SINGAPORE (Feb 8) Grand Banks Yachts saw its net profit swell 62.4% to $677,000 for the 2Q ended December, from $417,000 a year ago.
2Q18 revenue surged 61.8% to $20.3 million, from $12.6 million a year ago.
This was driven by the sale of two inventory boats and one trade-in inventory boat, as well as a higher number of yachts reaching construction milestones for revenue recognition.
Total operating expenses rose 35.6% to $3.3 million in 2Q18, led by higher selling and marketing expenses, which jumped 61.3% to $2.0 million.
This was on the back of higher costs incurred from boat shows, boat demonstrations, advertising, and payroll as Grand Banks scaled up its marketing efforts.
As at end December, cash and cash equivalents stood at $9.9 million.
“The improvement in our top- and bottom-line reflects our enhanced production capabilities and strong demand for the Grand Banks and Palm Beach brands. We are on track to delivering more boats this year and will build on this momentum to accelerate our growth,” says Grand Banks’ CEO, Mark Richards.

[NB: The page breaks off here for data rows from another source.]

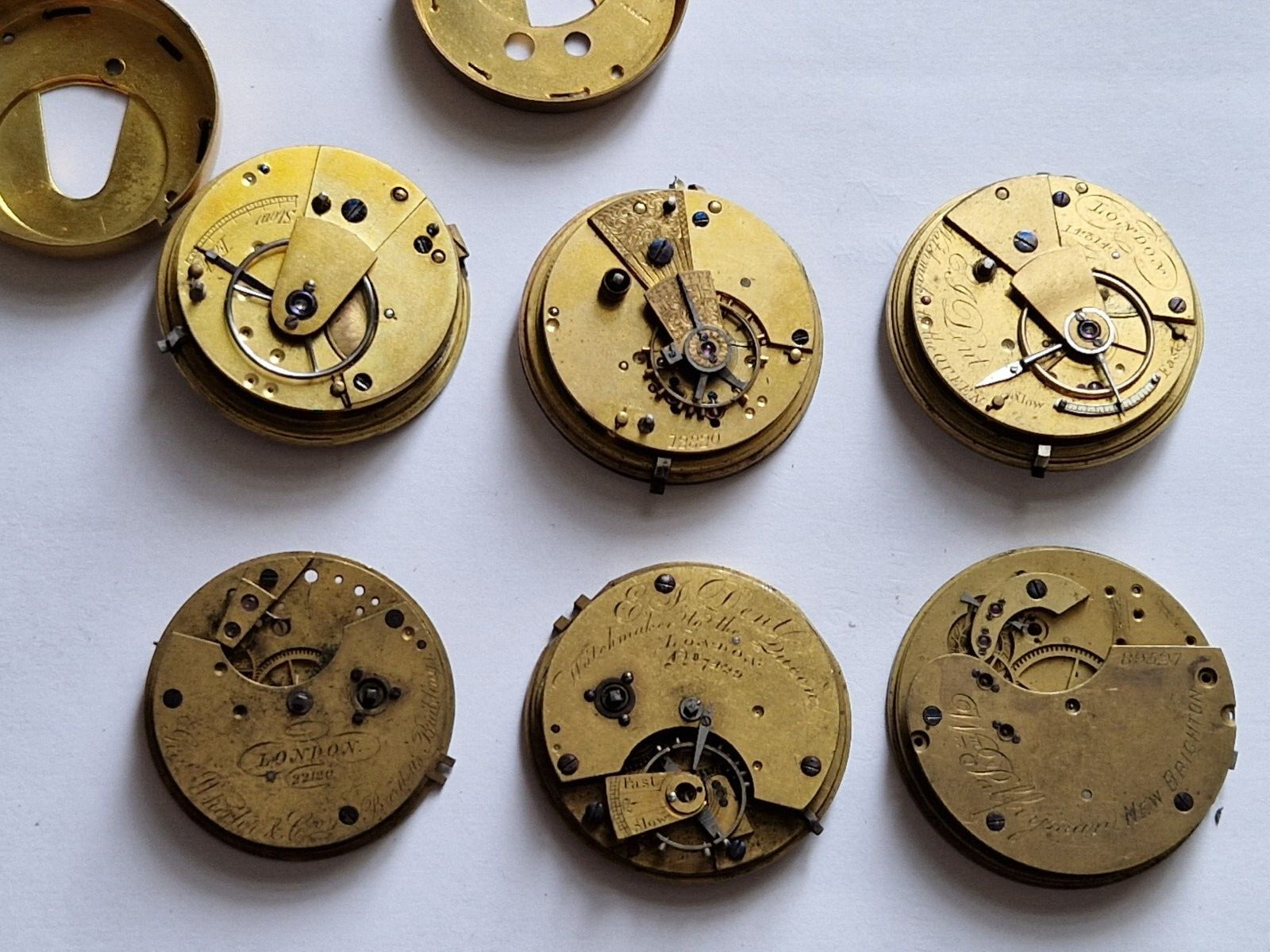 antique pocket watch movements Dent London Leo Wheeler Palfryman joblot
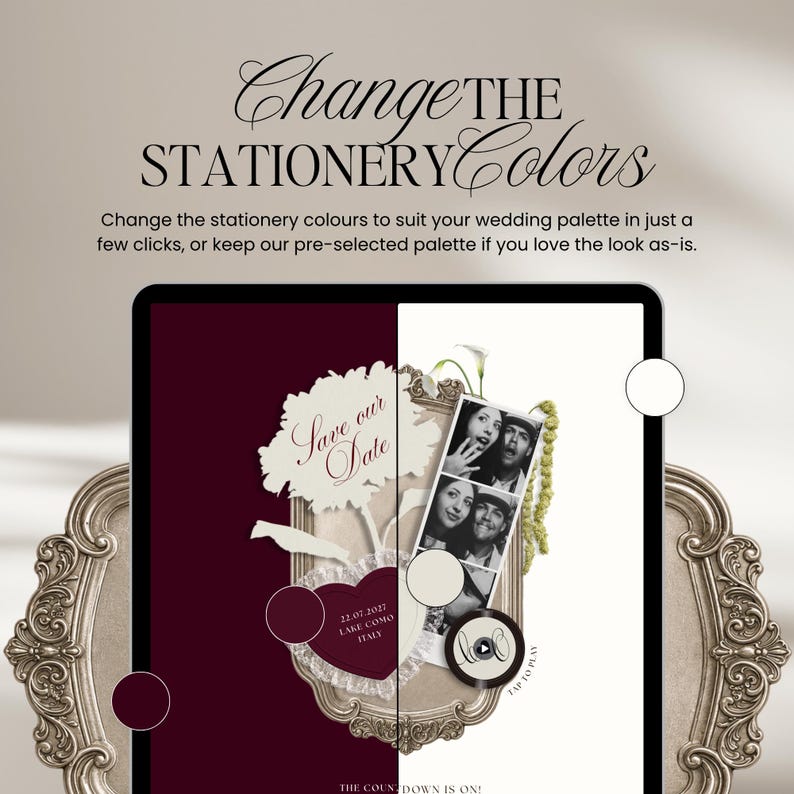 May include: A digital display showing a wedding stationery design with a split-screen color effect. The text reads Change THE STATIONERY Colors, Save our Date, 22.07.2027 LAKE COMO ITALY, and TAP TO PLAY. It features a photo strip and floral graphics.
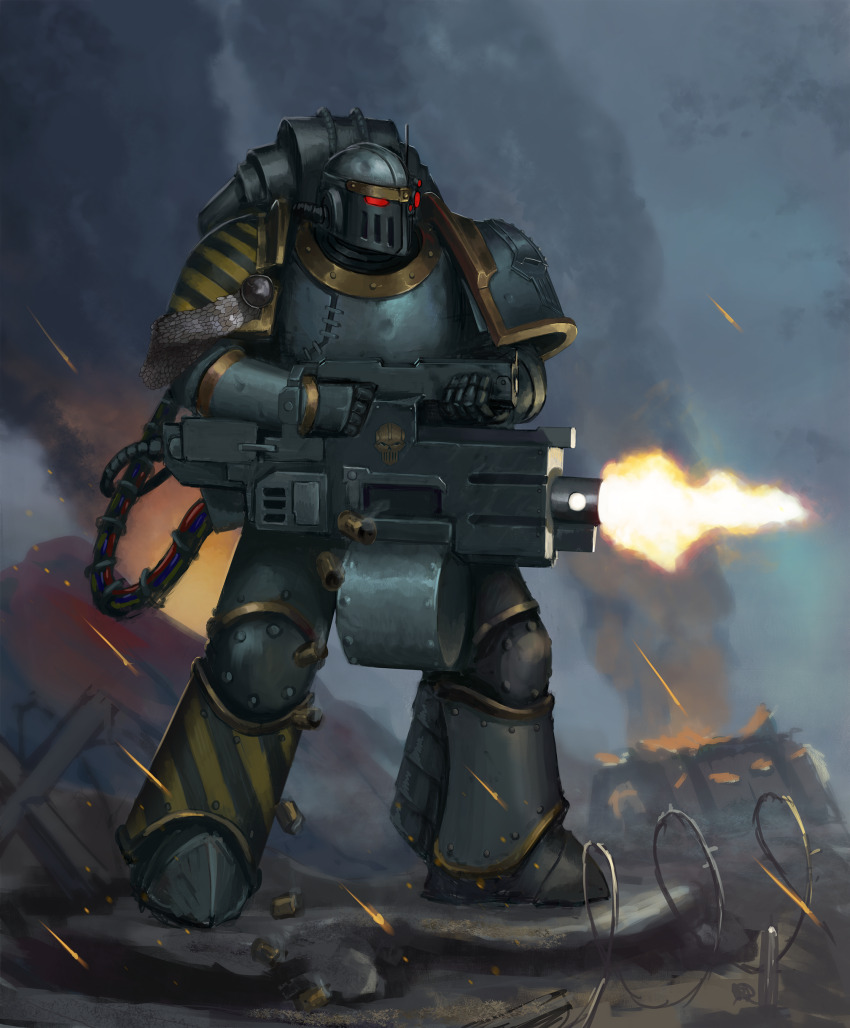 1.00_calibre_bolt 1boy absurdres adeptus_astartes advisorium anti-materiel_cartridge armor armored_boots bolt_(warhammer_40k) boots cannon_cartridge drum_magazine firing full_body gauntlets glowing glowing_eyes grey_sky gun hazard_stripes heavy_bolter heavy_machine_gun helmet high-explosive_cartridge highres holding holding_gun holding_weapon iron_warriors machine_gun magazine_(weapon) outdoors pauldrons power_armor red_eyes shell_casing shoulder_armor sky smoke solo space_marine standing warhammer_40k weapon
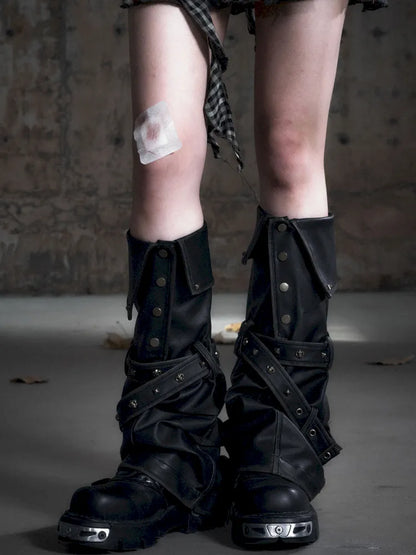 Faded Button Leather Leg Covers【s0000013963】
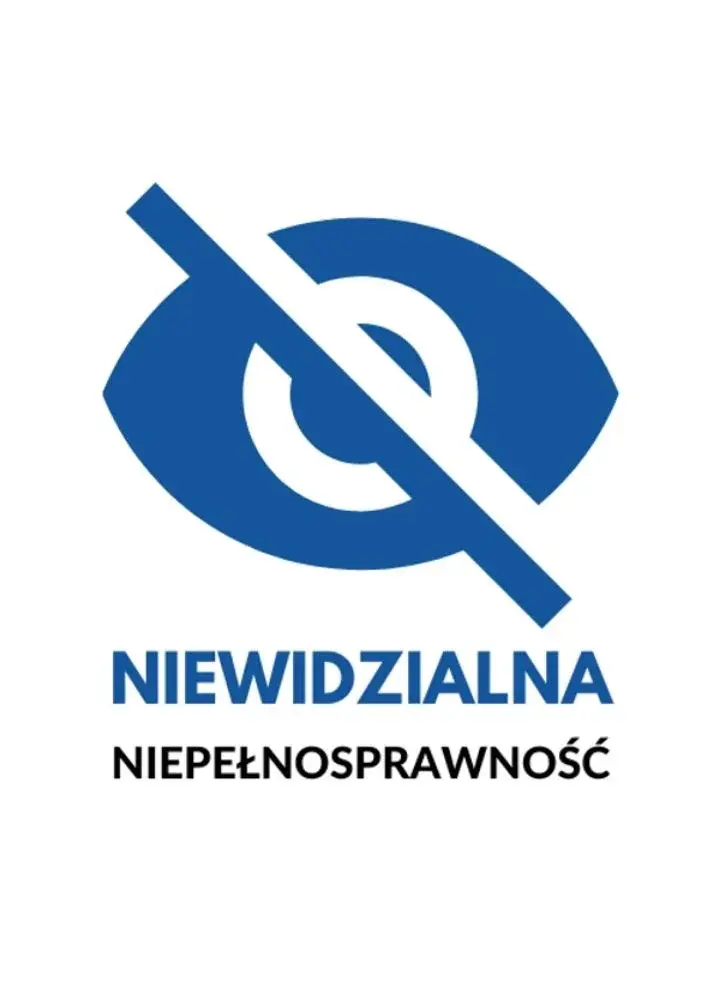 Niebieskie przekreślone oko na białym tle z napisem "Niewidzialna Niepełnosprawność"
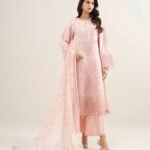 Cotton Net Embroidered Pink 3 Piece Suit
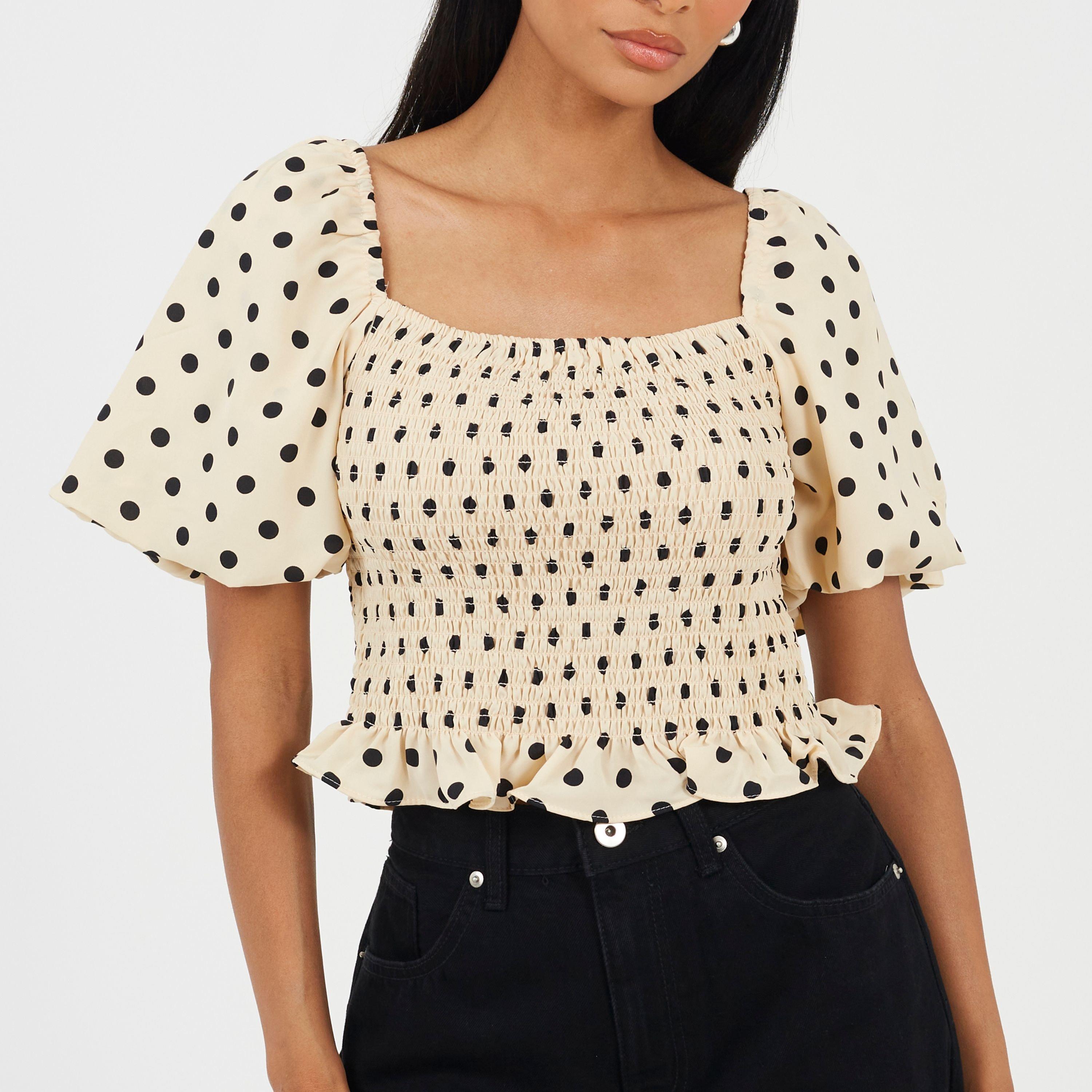 Cream/Black - Brave Soul - Womens Puff Sleeve Shirred Bust Polka Dot Top - 1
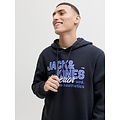 Jack & Jones Jack & Jones Men's Hoodie JJELOGO Logo Print Dark Blue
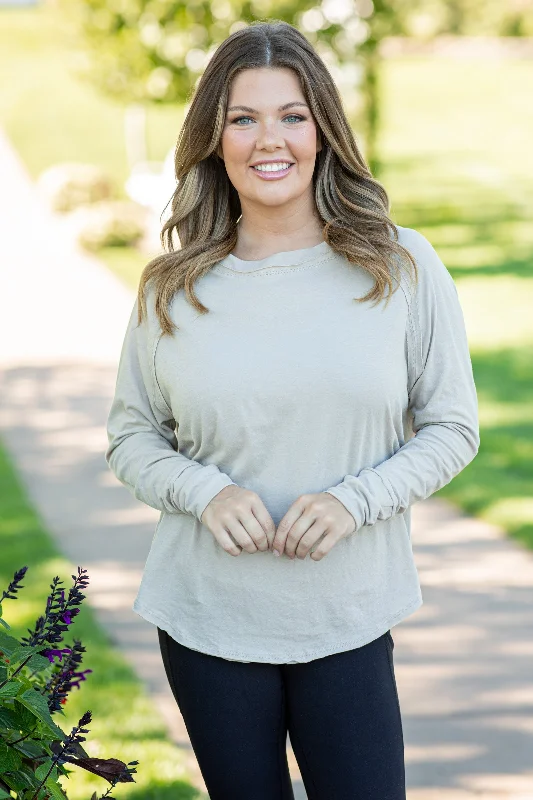 Tan Raglan Sleeve Top With Thumbholes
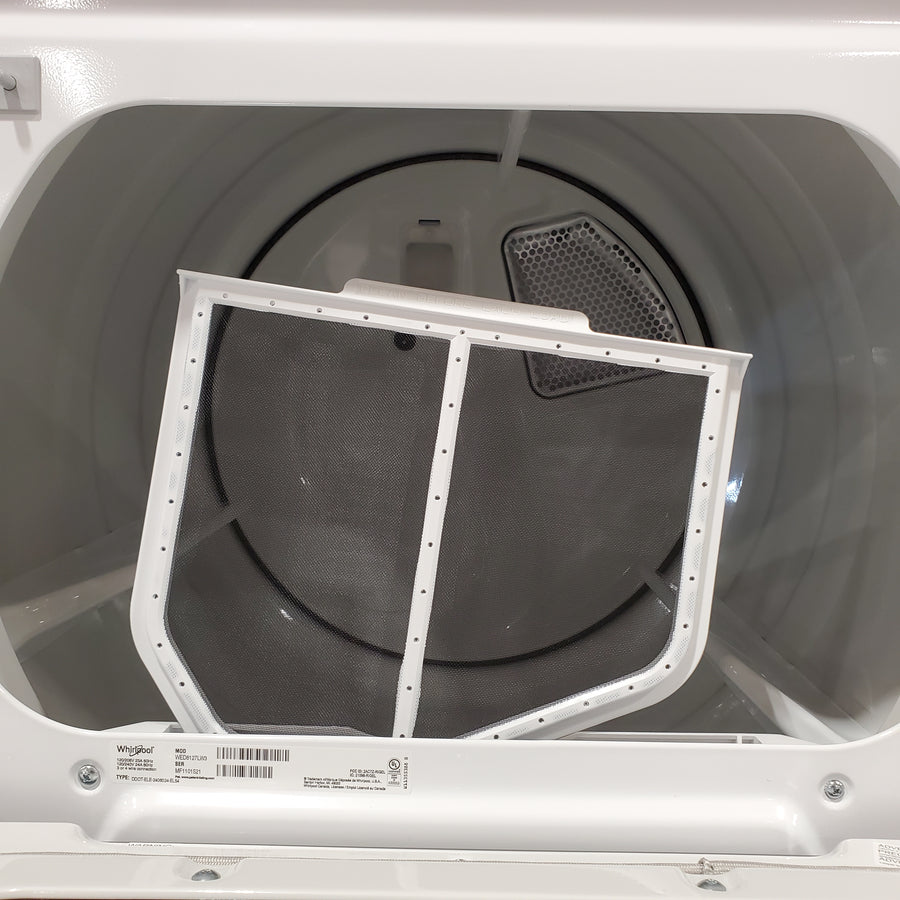 Whirlpool Top Load 4.7 Cu. Ft. Washer with 2-in-1 Removable Agitator in White WTW5057LW - Open Box and Whirlpool 7.4 cu. ft. White Electric Dryer with Steam and Advanced Moisture Sensing Technology, ENERGY STAR 16263 - WED8127LW - Scratch & Dent (Minor)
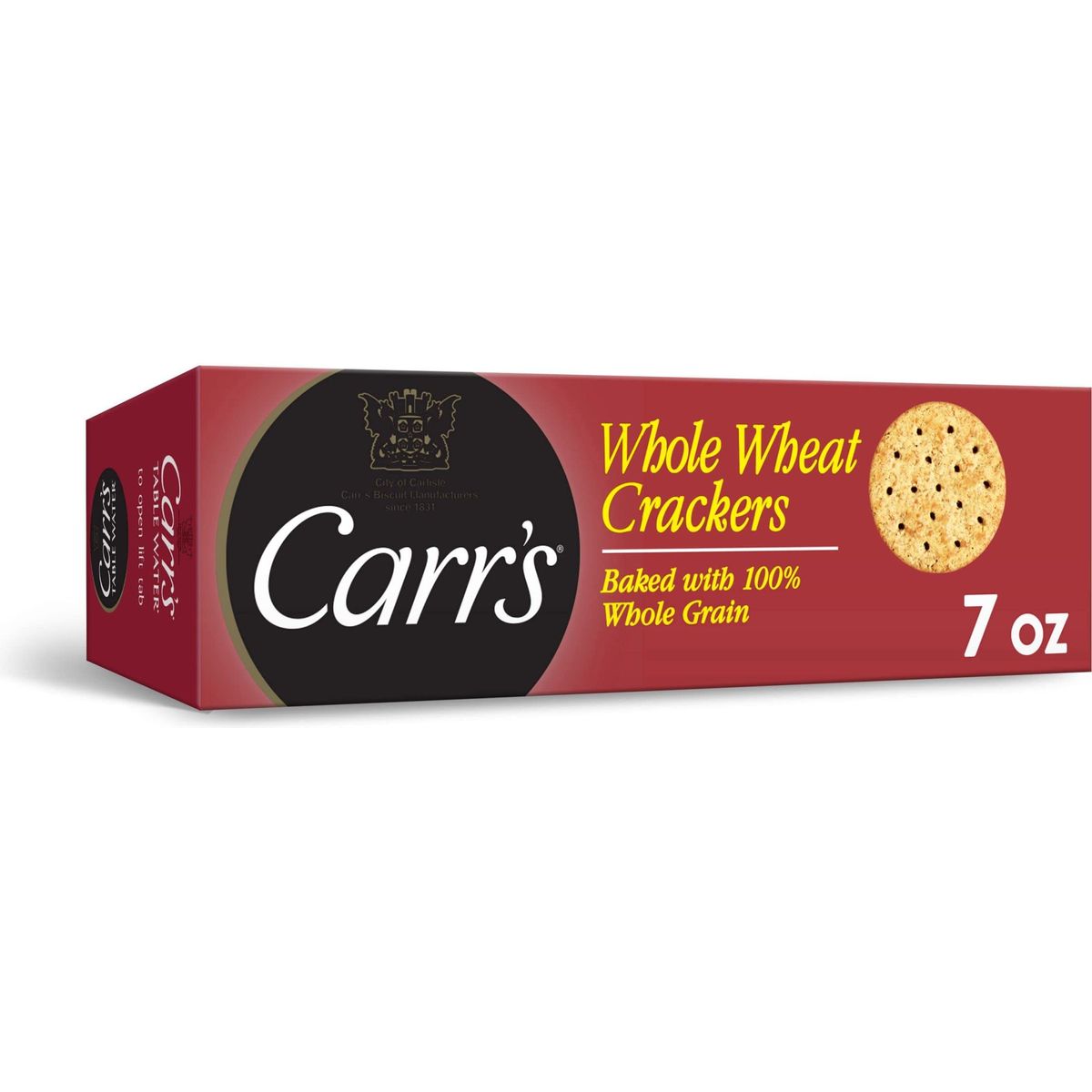 Carrs Whole Wheat Crackers NonGMO Project Verified Baked with 100 Whole Grain 7oz Box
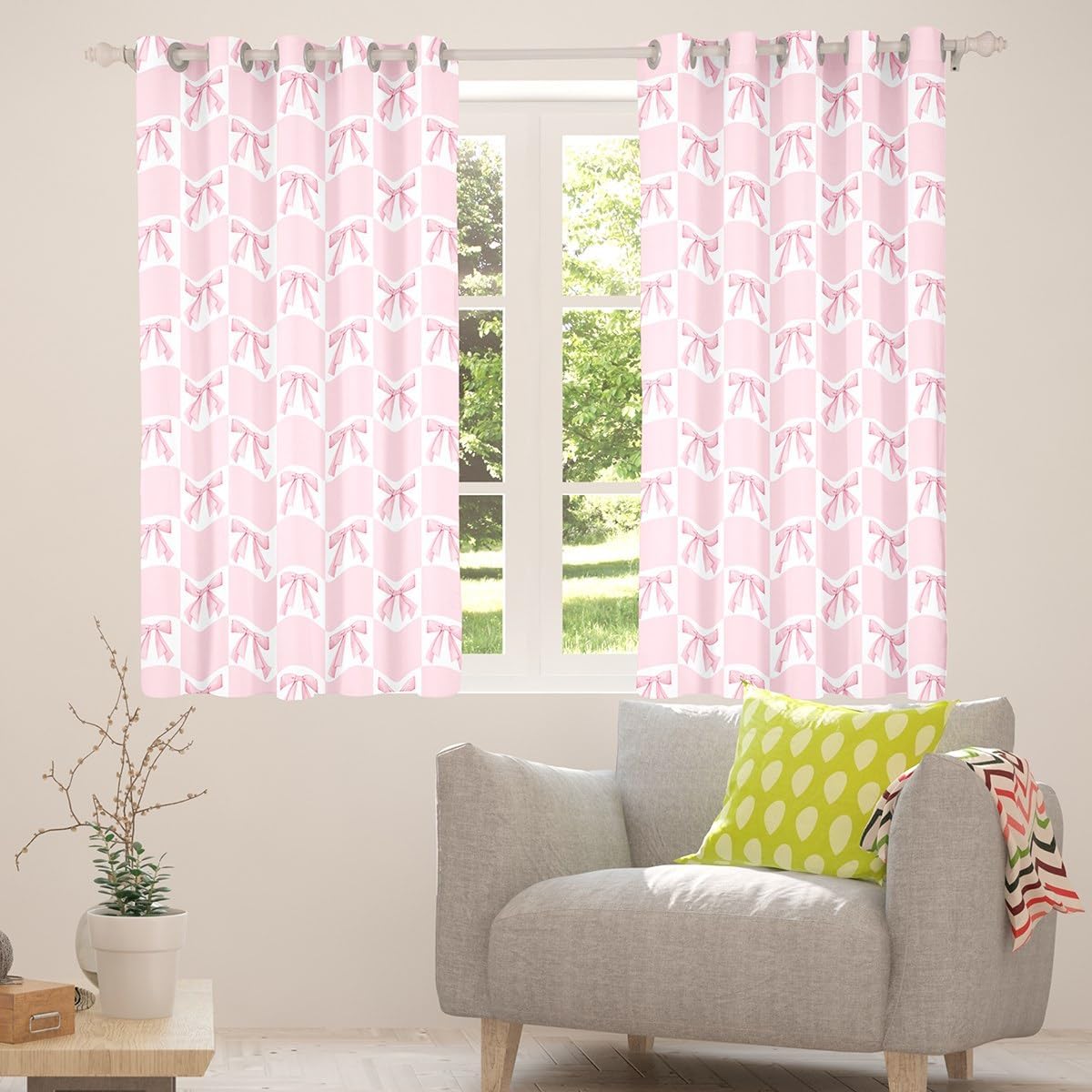 Pink Bowknot Window Drapes Blackout 30%-50%,Dreamy Bow Minimalist Grids Plaids Kitchen Window Treatments 42Wx90L,Princess Style Blue White Livingroom Bedroom Decor Curtains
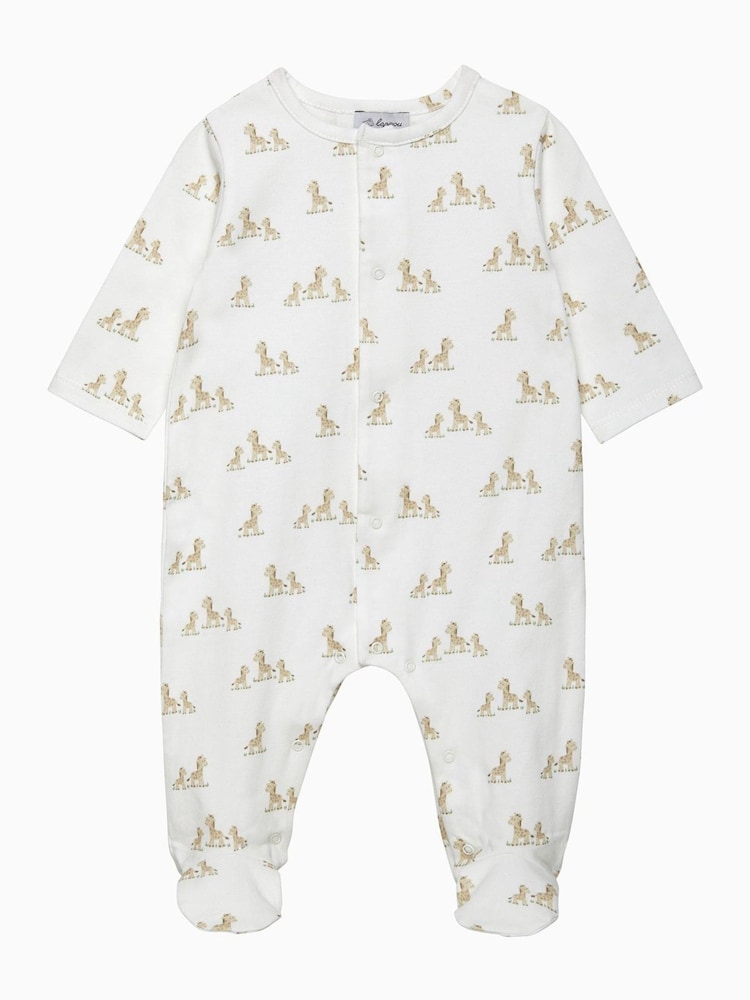 Trotters London Newborn Giraffe White All-in-One - Image 1 of 3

In a separate filing to SGX on Thursday, Grand Banks announced that it has established a Strategic Committee to assist the board in the development of the group’s long-term strategic plans, including the evaluation and monitoring of the implementation of the management’s strategic plans.
To be helmed by non-executive independent director Gary James Weisman, the Strategic Committee will also include Grand Banks’ chairman and non-executive independent director Heine Askaer-Jensen as well as CEO and executive director Mark Richards.
The committee will also review areas identified by the management as having a material impact on the group’s long-term strategies, and recommend strategic initiatives including any change in business direction, new markets, new products, and any major re-organisation or investment/divestment proposals made by the management.
Shares of Grand Banks closed at 33 cents on Wednesday.